**WHAT YOU NEED TO DO**
Consider the listing below. Extract exactly the lines from the line containing "Young pretty man" to the line containing "サプリメントを飲む女性", both included.

**THE DATA**

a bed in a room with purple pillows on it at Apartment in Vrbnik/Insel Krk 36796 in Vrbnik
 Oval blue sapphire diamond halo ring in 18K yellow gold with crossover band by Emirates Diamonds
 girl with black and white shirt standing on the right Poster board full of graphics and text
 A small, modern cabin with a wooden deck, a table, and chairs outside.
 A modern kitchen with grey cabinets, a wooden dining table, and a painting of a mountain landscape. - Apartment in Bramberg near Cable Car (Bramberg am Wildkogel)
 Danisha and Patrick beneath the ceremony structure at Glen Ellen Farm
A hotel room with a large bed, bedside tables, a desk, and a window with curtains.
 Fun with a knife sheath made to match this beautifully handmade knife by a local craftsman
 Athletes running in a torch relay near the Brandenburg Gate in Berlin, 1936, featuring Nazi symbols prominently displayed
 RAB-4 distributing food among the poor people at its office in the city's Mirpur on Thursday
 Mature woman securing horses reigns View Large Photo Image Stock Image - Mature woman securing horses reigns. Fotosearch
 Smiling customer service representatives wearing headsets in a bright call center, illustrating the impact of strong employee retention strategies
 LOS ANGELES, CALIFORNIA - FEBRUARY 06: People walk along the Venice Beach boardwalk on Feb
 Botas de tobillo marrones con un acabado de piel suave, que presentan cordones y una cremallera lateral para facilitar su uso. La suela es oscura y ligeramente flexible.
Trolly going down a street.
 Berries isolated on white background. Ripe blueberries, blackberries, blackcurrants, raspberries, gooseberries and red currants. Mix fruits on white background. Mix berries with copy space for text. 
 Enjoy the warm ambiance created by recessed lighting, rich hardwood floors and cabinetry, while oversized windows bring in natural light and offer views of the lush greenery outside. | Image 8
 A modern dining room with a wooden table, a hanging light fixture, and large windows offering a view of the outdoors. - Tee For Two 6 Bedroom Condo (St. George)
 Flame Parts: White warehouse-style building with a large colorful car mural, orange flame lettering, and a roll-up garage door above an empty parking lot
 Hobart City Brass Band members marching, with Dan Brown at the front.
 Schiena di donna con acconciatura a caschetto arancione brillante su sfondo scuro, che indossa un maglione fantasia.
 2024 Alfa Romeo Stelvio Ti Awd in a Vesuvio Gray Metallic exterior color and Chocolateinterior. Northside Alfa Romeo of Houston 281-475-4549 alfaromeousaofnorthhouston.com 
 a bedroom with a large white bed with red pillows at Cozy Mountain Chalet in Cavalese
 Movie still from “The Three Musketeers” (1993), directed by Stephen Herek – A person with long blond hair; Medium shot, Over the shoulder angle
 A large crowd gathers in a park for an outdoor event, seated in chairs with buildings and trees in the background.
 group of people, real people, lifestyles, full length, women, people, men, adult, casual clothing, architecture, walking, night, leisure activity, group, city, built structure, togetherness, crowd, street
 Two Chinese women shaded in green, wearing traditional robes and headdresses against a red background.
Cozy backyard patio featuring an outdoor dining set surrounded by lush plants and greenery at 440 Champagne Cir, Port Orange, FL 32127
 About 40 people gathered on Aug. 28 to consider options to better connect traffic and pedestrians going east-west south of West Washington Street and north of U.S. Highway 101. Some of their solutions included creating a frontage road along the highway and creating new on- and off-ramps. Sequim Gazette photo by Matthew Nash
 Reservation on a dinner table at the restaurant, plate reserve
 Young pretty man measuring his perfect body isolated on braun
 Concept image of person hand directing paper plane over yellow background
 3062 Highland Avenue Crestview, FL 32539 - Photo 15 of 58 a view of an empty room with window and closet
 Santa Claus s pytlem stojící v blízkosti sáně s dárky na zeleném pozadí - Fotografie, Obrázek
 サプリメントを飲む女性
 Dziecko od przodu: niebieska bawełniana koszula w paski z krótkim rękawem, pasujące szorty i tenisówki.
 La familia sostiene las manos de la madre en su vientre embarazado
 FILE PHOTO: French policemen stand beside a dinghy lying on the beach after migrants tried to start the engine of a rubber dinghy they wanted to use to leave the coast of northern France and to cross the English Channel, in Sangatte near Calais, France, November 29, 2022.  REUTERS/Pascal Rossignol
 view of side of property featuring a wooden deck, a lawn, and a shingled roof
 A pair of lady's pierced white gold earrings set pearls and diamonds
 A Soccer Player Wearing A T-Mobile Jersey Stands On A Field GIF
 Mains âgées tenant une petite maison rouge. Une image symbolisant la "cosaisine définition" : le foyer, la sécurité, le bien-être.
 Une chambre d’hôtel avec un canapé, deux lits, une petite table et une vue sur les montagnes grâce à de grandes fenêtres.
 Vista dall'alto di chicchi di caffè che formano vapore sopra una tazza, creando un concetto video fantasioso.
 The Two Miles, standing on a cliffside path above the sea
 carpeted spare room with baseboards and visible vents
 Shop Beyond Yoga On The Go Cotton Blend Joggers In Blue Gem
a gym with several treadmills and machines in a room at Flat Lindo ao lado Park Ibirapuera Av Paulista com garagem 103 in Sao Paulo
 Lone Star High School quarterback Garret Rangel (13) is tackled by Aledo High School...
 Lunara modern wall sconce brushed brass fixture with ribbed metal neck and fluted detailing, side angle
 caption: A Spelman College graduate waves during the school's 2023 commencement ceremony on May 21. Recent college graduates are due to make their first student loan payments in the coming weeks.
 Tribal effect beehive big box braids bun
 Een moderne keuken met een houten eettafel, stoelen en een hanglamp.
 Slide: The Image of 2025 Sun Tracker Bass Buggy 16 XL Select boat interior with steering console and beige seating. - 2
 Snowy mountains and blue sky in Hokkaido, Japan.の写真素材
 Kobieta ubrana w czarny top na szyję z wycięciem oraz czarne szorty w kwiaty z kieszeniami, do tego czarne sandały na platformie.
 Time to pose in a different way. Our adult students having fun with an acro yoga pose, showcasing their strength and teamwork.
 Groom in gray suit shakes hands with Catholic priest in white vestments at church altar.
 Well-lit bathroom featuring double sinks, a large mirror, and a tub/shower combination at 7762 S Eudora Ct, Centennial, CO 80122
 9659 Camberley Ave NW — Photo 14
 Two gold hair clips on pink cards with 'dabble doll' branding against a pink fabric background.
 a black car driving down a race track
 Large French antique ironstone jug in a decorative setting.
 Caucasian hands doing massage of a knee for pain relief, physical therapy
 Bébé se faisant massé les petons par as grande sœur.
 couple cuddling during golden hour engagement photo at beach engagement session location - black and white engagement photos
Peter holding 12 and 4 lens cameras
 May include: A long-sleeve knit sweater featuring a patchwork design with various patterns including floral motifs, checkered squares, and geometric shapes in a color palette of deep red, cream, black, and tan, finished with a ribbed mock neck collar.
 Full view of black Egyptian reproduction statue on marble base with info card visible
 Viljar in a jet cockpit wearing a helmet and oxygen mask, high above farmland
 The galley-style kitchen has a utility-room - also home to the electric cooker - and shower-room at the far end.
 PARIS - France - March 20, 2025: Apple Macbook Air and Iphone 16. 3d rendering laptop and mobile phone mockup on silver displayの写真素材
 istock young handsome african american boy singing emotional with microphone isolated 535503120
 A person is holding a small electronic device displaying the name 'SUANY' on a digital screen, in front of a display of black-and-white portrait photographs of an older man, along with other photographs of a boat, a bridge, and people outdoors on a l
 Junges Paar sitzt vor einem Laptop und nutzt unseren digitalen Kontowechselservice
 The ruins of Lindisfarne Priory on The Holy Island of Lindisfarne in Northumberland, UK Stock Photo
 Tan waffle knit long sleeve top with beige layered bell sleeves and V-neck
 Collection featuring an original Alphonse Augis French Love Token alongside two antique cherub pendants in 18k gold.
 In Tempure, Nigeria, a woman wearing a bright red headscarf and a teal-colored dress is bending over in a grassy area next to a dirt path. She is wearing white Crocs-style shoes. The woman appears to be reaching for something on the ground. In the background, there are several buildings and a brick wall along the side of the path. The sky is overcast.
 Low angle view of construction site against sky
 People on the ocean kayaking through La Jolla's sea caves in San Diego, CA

**WRITTEN REPLY**
 Young pretty man measuring his perfect body isolated on braun
 Concept image of person hand directing paper plane over yellow background
 3062 Highland Avenue Crestview, FL 32539 - Photo 15 of 58 a view of an empty room with window and closet
 Santa Claus s pytlem stojící v blízkosti sáně s dárky na zeleném pozadí - Fotografie, Obrázek
 サプリメントを飲む女性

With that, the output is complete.